At the University of Mississippi, Glisson has worked to bring together Southern studies students with black graduate students from other disciplines in the hopes that they might spread the word that theirs is a truly inclusive program.
But Williams says blacks won’t begin to enroll in Southern studies until they see some blacks among the center’s very small core faculty and administration.

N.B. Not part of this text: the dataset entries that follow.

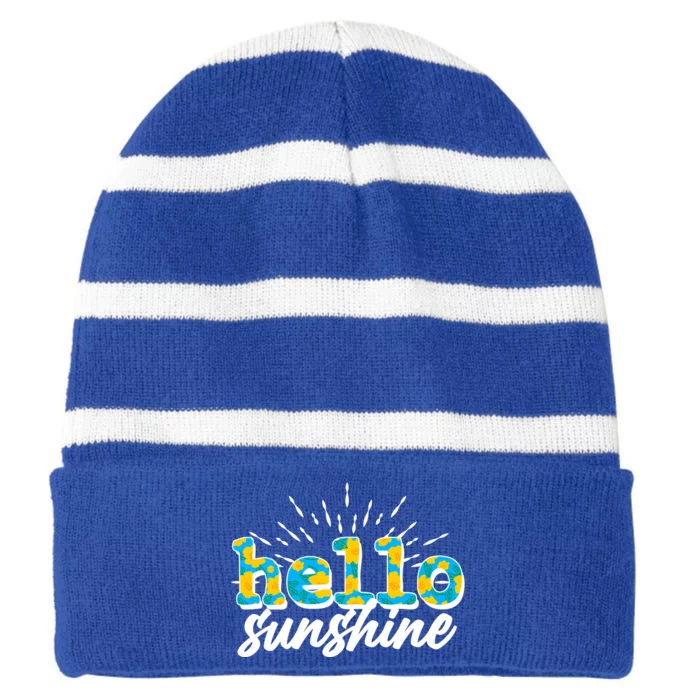 Cute Springy Summery Hello Sunshine Striped Beanie with Solid Band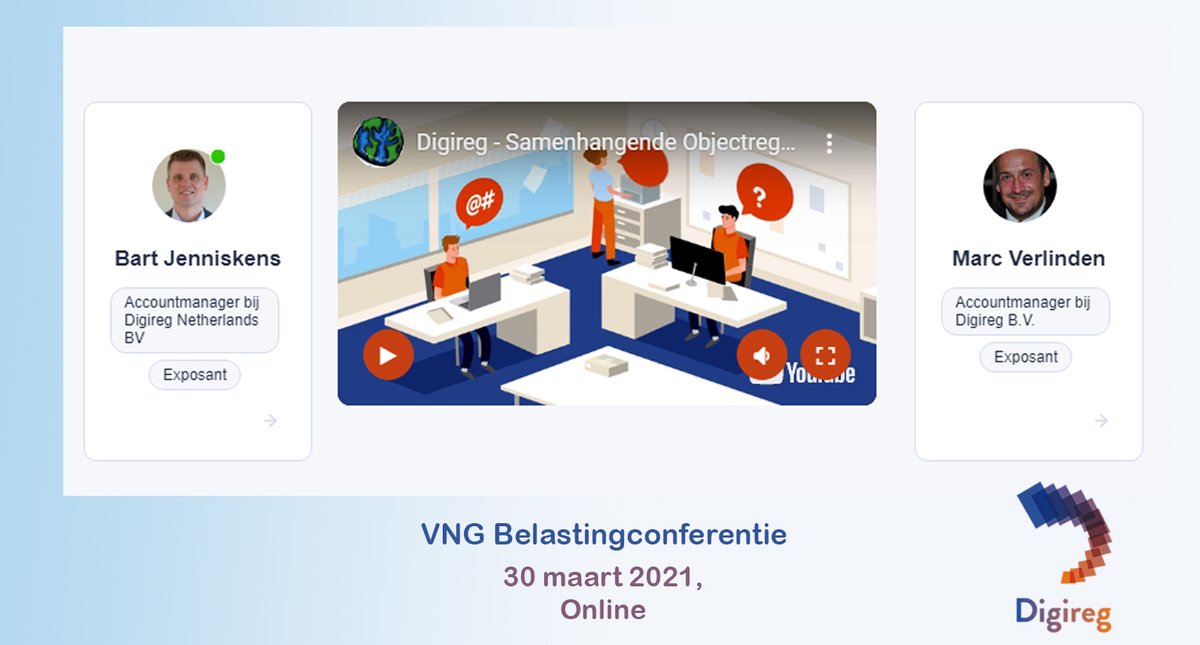Digireg's tweet image. Wij willen u van harte bedanken voor uw bezoek aan onze digitale stand. Mocht u vandaag nog geen tijd hebben gehad, dan bent u vandaag welkom tot het einde van de conferentie. U kunt ook contact opnemen via info@digireg.nl​
#Digireg #VNGBelastingconferentie #DigitalEvent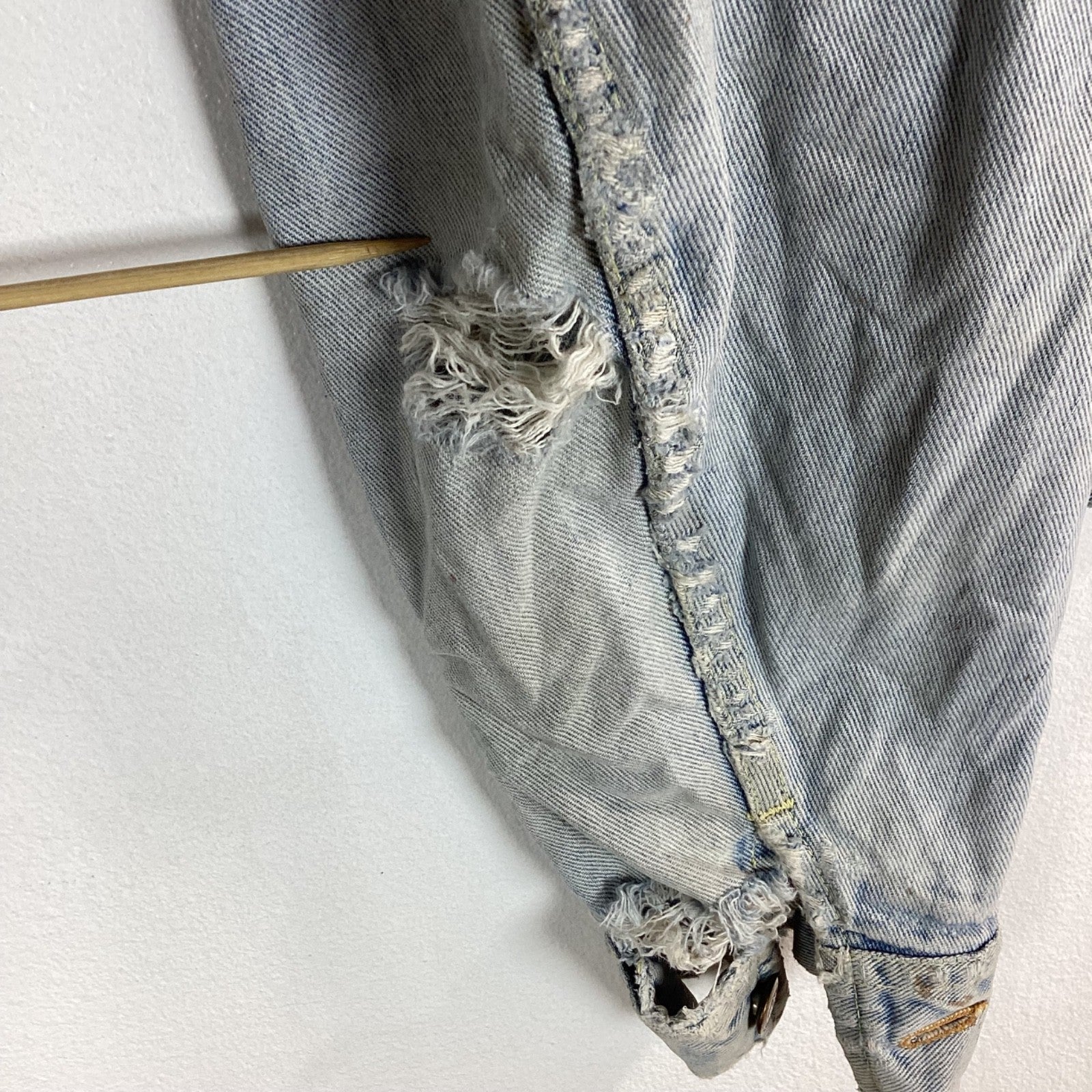 Vintage Lee Denim Jean Jacket Size Small Blue Made In Usa Distressed 70s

Ferris says blacks who were on staff in the past left for other jobs, and that he hopes to be able to add black faculty, and increase black enrollment, in the near future.
But, says Ferris, “I don’t think we’ll ever have a completely integrated program.” He says African-American studies which at the university is affiliated with Southern studies will always provide a more focused and “nurturing” home for many black students. “There’s a need for both,” he says.
But everyone agrees that the existing Southern studies program suffers for the lack of black voices in the classroom.
It bothers Glisson, who finds herself once again thinking of the words of Chick Mallison, the white 14-year-old hero in Faulkner’s “Intruder in the Dust,” the original liberal in modern Southern fiction, who with an old white women and young black friend helps free a wrongly accused black man.
“Chick Mallison wants the South to be perfect,” says Glisson. “He wants to be with it, perfect.”